Figure 1E demonstrates the additional mode of analysis provided by the server that allows a more in-depth examination of the significance of individual nucleotide positions within motifs. In this figure, we have examined the expression profiles of genes that have two alternative substituted forms of the sporulation factor Ndt80. The first gene set has a promoter element that deviates from the consensus at positions 2 while the second set deviates at position 7. While deviation from the consensus at the second position did not result in considerably altered expression profiles, the seventh position showed much higher sensitivity to variation on the motif. Figure 1F provides such quantitative analysis for all nucleotide positions in the motif in the form of a profile of tolerance to substitutions at each nucleotide position. While the first and second positions in the example show relatively high tolerance to substitutions, the seventh shows the highest sensitivity to substitutions.
Motif refinement
This module should be used when the user has a good knowledge about the identity of a regulatory motif, yet they consider potential local modifications of the motif. The WWW server provides two complementary modules for such refinements. The first module systematically attempts to extend the motif by additional nucleotides at both its ends. The second module performs systematic single nucleotide ‘substitutions’ at all nucleotide positions within the motif, as done in Figure 1F, yet this time not for characterizing the motif but for its refinement. In both cases we use improvement in EC scores of the modified motifs as a refinement engine.
Table 1 summarizes a test of the first module in which we asked whether a truncated version of a motif could be extended such that the original motif will be reconstructed. This is useful in the frequent cases in which prior knowledge provides only the ‘core’ of a motif. For benchmarking we used the sporulation factor Ndt80's binding site GACACAAAA. As an input we used the central seven nucleotides from that site, namely ACACAAA. The server generated 56 motifs by adding up to two nucleotides at one or both ends of the input motif. Each potential extended candidate was evaluated by its EC score and by a p-value on that score. Table 1 shows the top 10 scoring candidates, ranked by their EC scores. The EC score of GACACAAAA ranks at the top of this list and indeed to the best of our knowledge this is the correct binding site for that transcription factor (http://genetics.med.harvard.edu/~tpilpel/MotifList.html).
Table 1. Refinement of a core motif using an EC criterion.

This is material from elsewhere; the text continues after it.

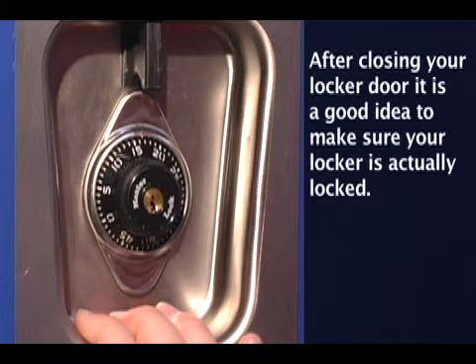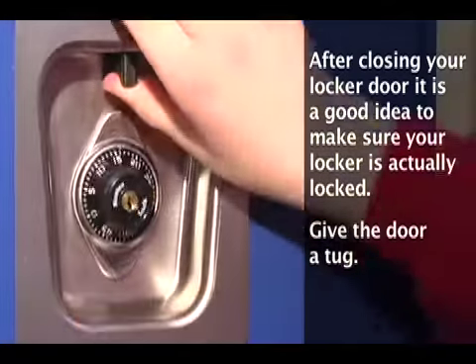After closing your locker door, it is a good idea to make sure your locker is actually locked. Give the door a tug.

P-value | No. of genes | EC score | Motif | Rank |
---|---|---|---|---|
<0.001 | 55 | 0.34 | GACACAAAA | 1 |
<0.001 | 21 | 0.34 | CGACACAAA | 2 |
<0.001 | 44 | 0.28 | TGACACAAA | 3 |
<0.001 | 23 | 0.21 | GACACAAAC | 4 |
<0.001 | 31 | 0.18 | ACACAAACT | 5 |
0.002 | 21 | 0.18 | GACACAAAT | 6 |
<0.001 | 38 | 0.17 | ACACAAATT | 7 |
<0.001 | 36 | 0.16 | AGACACAAA | 8 |
<0.001 | 45 | 0.15 | CTACACAAA | 9 |
<0.001 | 106 | 0.15 | ACACAAAAA | 10 |
0.003 | 130 | 0.1 | ACACAAA | Original |
The ‘Motif Landscape’ module is an additional refinement and in-depth characterization tool for regulatory motifs. Here we allow the user to examine alternative substitutions relative to the input motif. For a systematic analysis and graphical depiction of the effect of alternative nucleotide positions in regulatory motifs on the expression patterns of downstream genes, we have modified our Combinogram workbench tool (11,12) to allow dissection of single motifs with a range of their substituted versions (see Fig. 2 for an example). For each consensus input motif of length L we examine the expression profiles of all sets of genes in the genome each containing one of the possible 3 * L single nucleotide substitutions relative to the consensus. Each gene set that contains a unique version of the motif is characterized by the expression profiles of all its genes and by their average. The graphic display shows the EC score in each such gene set and the similarity of their averaged expression profiles.

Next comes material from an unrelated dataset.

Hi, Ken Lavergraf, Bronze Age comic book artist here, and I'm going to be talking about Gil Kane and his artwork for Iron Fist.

In the particular case shown in Figure 2 a slight improvement relative to the input motif (red sequence) is obtained in the EC score upon substituting the A at the second position with C. Yet the increase in the EC score is insignificant and, as shown in the dendrogram on the left part, it does not result in a considerable change in the overall expression profile. However, the current tool should be able to detect such changes when significant. Also, future versions of the server will allow the introduction of multiple substitutions at once that will allow the detection of potential interactions between sites (15,16).
De novo motif discovery
In cases where no motifs that regulate gene expression are known in a given organism at a particular condition or when users seek to identify new motif(s) relevant to the condition studied, the server provides an algorithm for the automated detection of novel motifs with significantly high EC scores. Given a genome sequence and mRNA expression dataset we perform de novo motif discovery using our new discovery algorithm (to be fully described elsewhere, Lapidot and Pilpel, in preparation). This is a stochastic algorithm that optimizes the EC score of an initial set of motifs. Briefly, this is a genetic algorithm with potential simulated annealing components that is initialized with a set of (potentially random) motifs. The algorithm iterates over stochastic optimization steps in which it performs ‘mutations’ in the motif sequences in addition to ‘crossovers’ between randomly selected pairs of motifs. The EC score, calculated for each motif, serves as a fitness function that determines the rate of reproduction of each candidate motif solution in the next generation. Typically after an order of 50 generations the algorithm converges upon a rather homogeneous population of motifs with particularly high EC scores, comparable to scores obtained in some experimentally known yeast motifs (http://genetics.med.harvard.edu/~tpilpel/MotComb.html). Such motifs may thus serve as excellent targets for further experimental explorations. The server allows running the algorithm on multiple choices of expression data and, in the near future, on new expression data that may be uploaded by users.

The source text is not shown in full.